_Task instructions_: Leave out the images and return all the data word for word.

_Data below_:
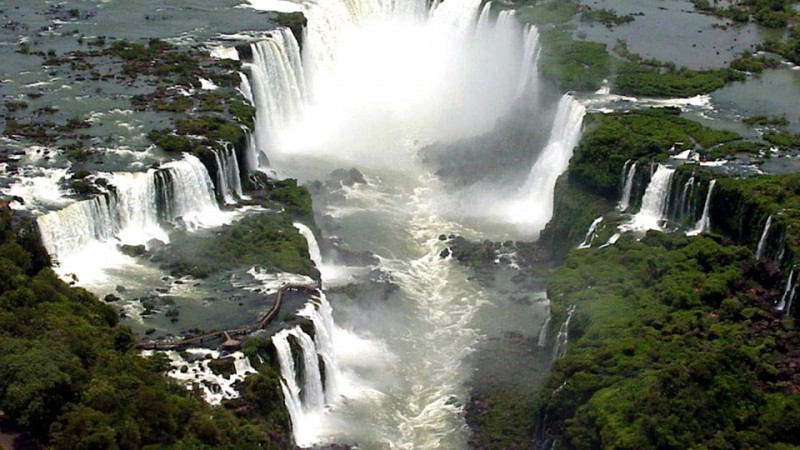 El gobierno puso en alquiler el Parque Nacional Iguazú para eventos privados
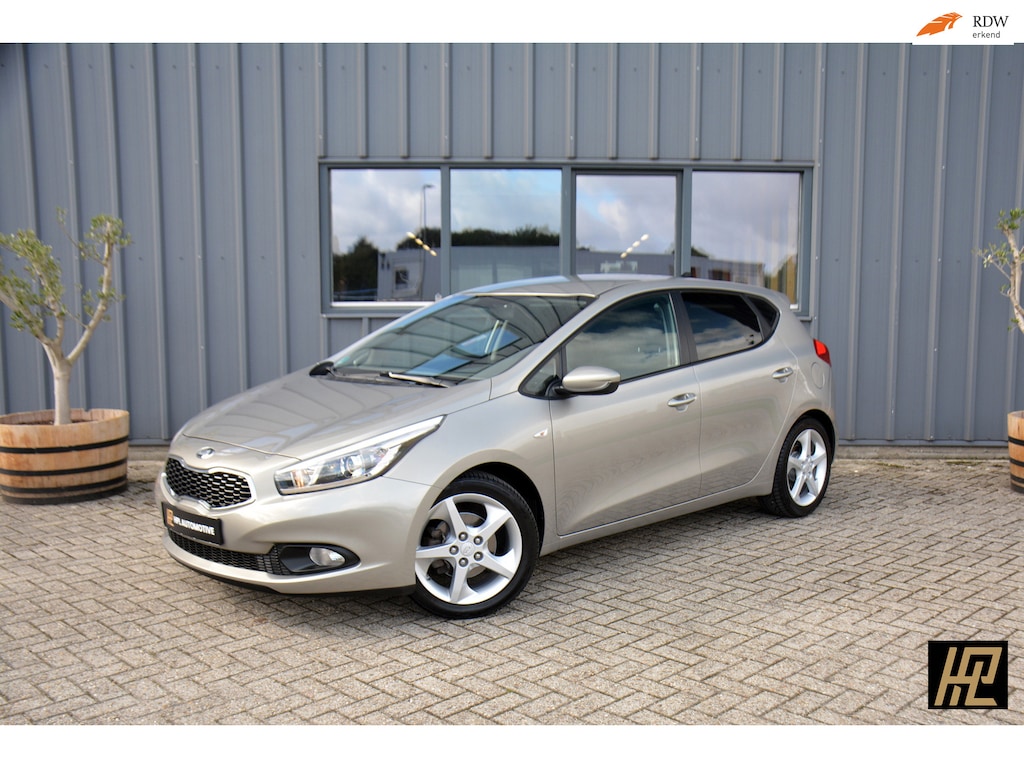 Kia Ceed Cee'd 1.4 CVVT * Airco * Navi * Carplay/Android * Lmv * Zeer nette auto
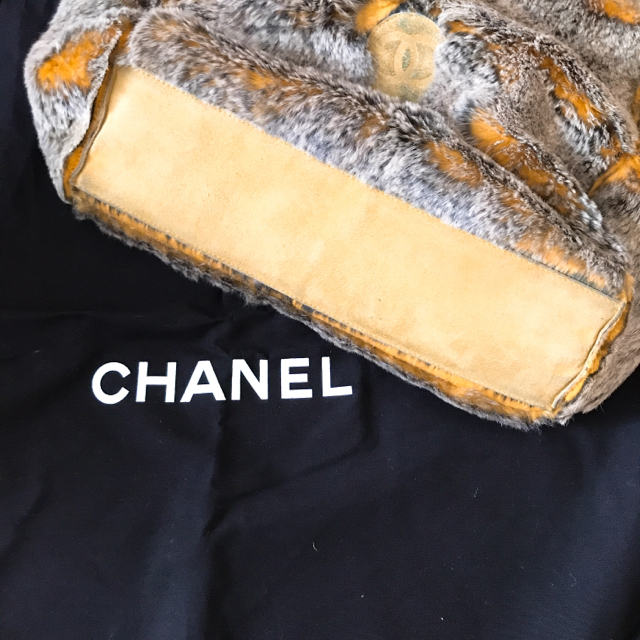 CHANEL(シャネル)のシャネル ファーバッグ レディースのバッグ(ハンドバッグ)の商品写真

_Reply to the exercise_:
 El gobierno puso en alquiler el Parque Nacional Iguazú para eventos privados
 Kia Ceed Cee'd 1.4 CVVT * Airco * Navi * Carplay/Android * Lmv * Zeer nette auto
 CHANEL(シャネル)のシャネル ファーバッグ レディースのバッグ(ハンドバッグ)の商品写真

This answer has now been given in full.